March's federal budget forecast the jobless rate falling to 3.75 per cent in coming months, the lowest in almost 50 years.
Industries such as manufacturing are being constrained by skill shortages, although the sector has still shown growth.
The Australian Industry Group performance of manufacturing index rose by a further 2.8 points in April to 58.5, its fastest pace since July 2015.
It was the third consecutive month above the key 50-point mark, which separates growth from contraction.
Ai Group chief executive Innes Willox said manufacturing is still constrained by difficulties finding workers, particularly in skilled occupations, as well as input price pressures and rising wages costs.
"New orders increased further in April and, with many businesses feeling capacity constraints and difficulties in securing inputs and staff, the pressures on filling orders are set to continue in coming months," Mr Willox said.
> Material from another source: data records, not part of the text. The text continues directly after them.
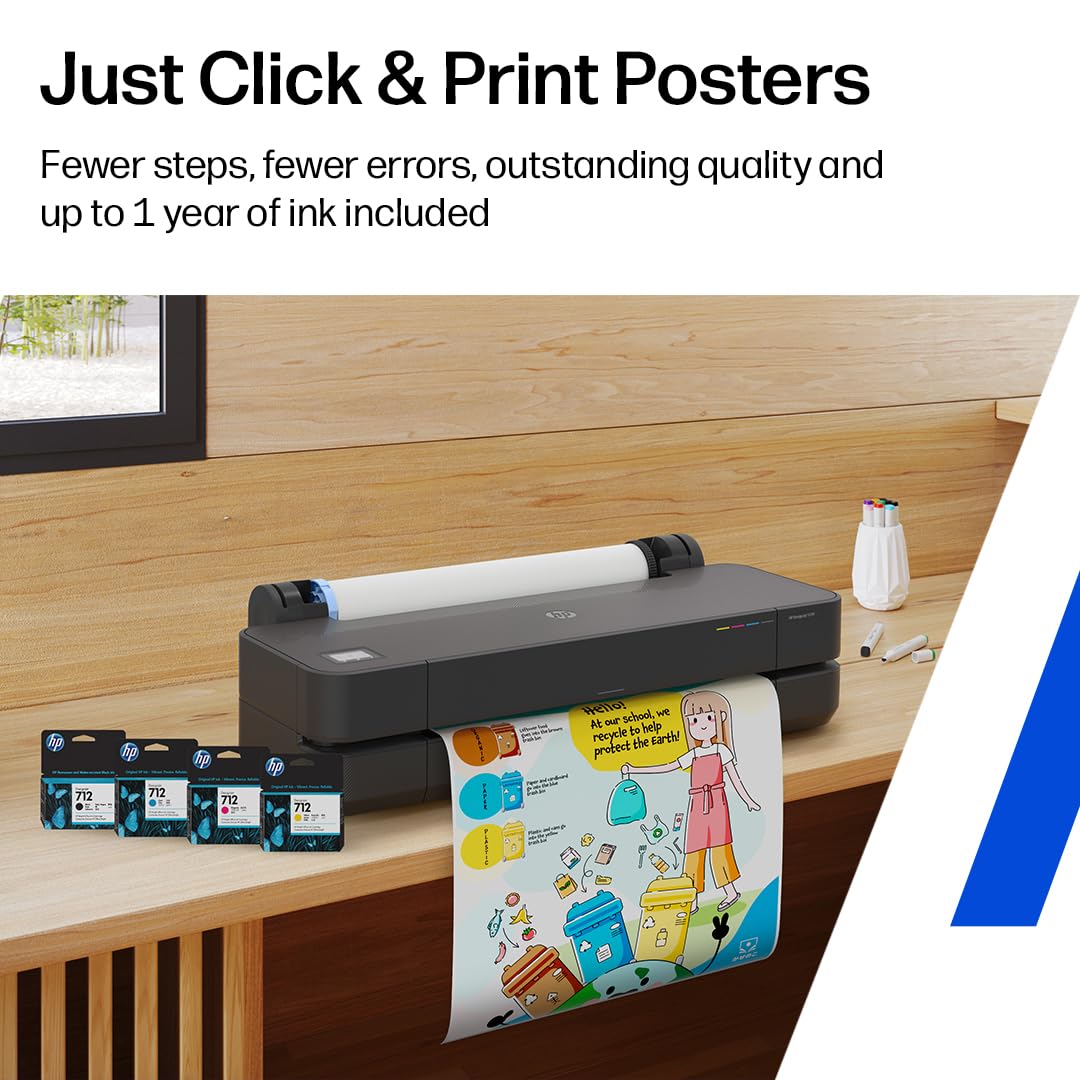 HP DesignJet T210 Large Format 24-inch Poster Printer, for Easy Poster & CAD Printing. Includes up to 1-Year of Ink (8AG32L) - New Model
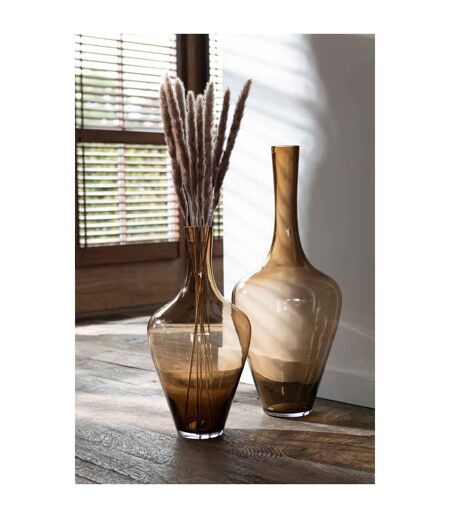 Vase Design en Verre Joni 70cm Marron Ambre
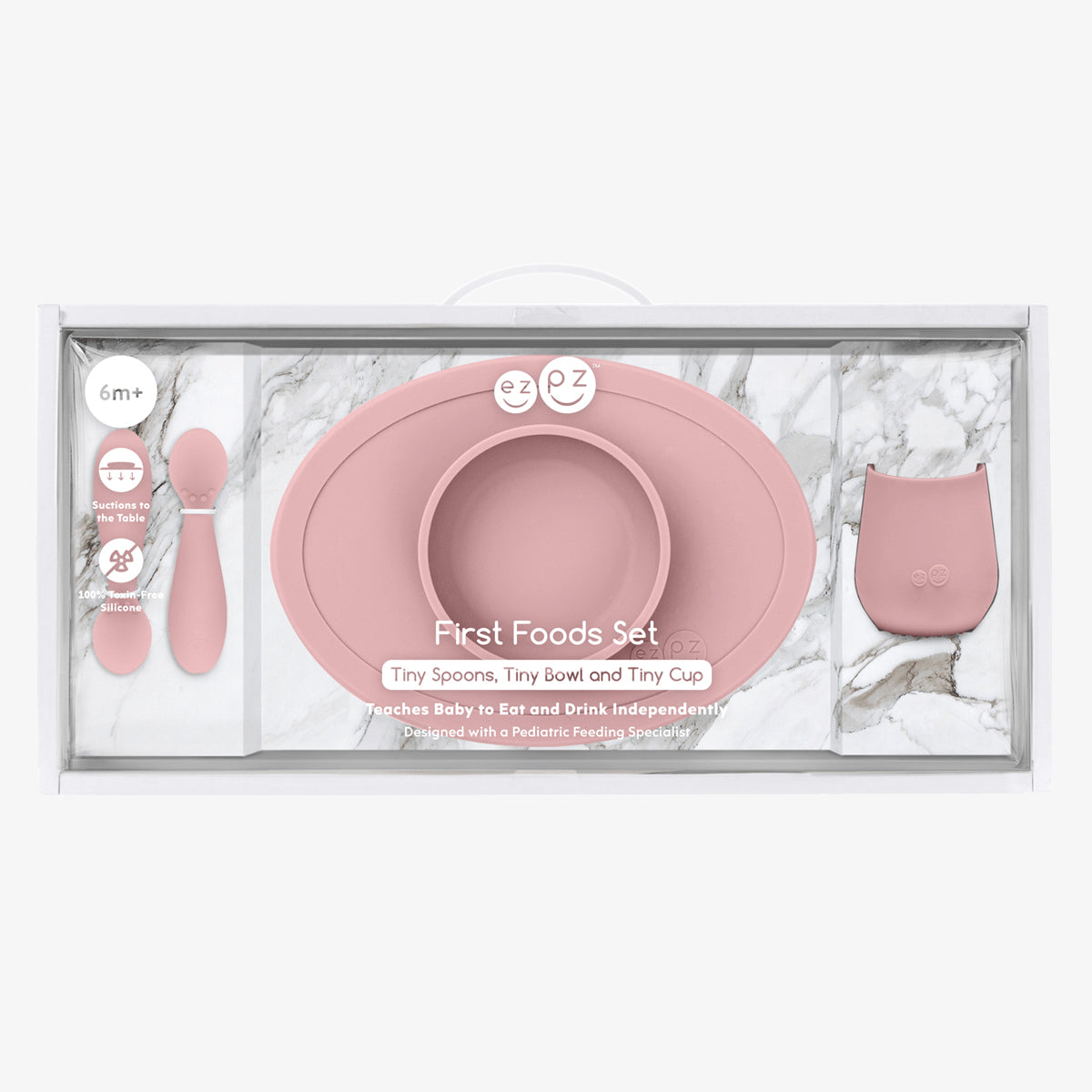 ezpz First Foods Set Silicone Suction Bowl (Bowl, Spoon & Cup) 6+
The report comes ahead of an expected increase in the official cash rate by the Reserve Bank of Australia, the first rise in more than a decade, and follows last week's exceptionally strong inflation figures.
Financial markets are fully priced for a 0.15 per cent rise in the cash rate to 0.25 per cent when the RBA board meets on Tuesday, after annual inflation surged to 5.1 per cent.
The more interest rate-sensitive underlying inflation rate jumped to 3.7 per cent, well above the RBA's two to three per cent target.
The anticipated modest increase in the cash rate from a record low 0.1 per cent is expected to be followed by increases of 0.25 per cent in subsequent months.
"Having a near-zero cash rate when unemployment is four per cent and inflation is over five per cent makes no sense," AMP chief economist Shane Oliver said.
"The experience from the late 1960s and 1970s tells us the longer high inflation persists the more inflation expectations will rise, making it even harder to get inflation back down again without engineering a recession."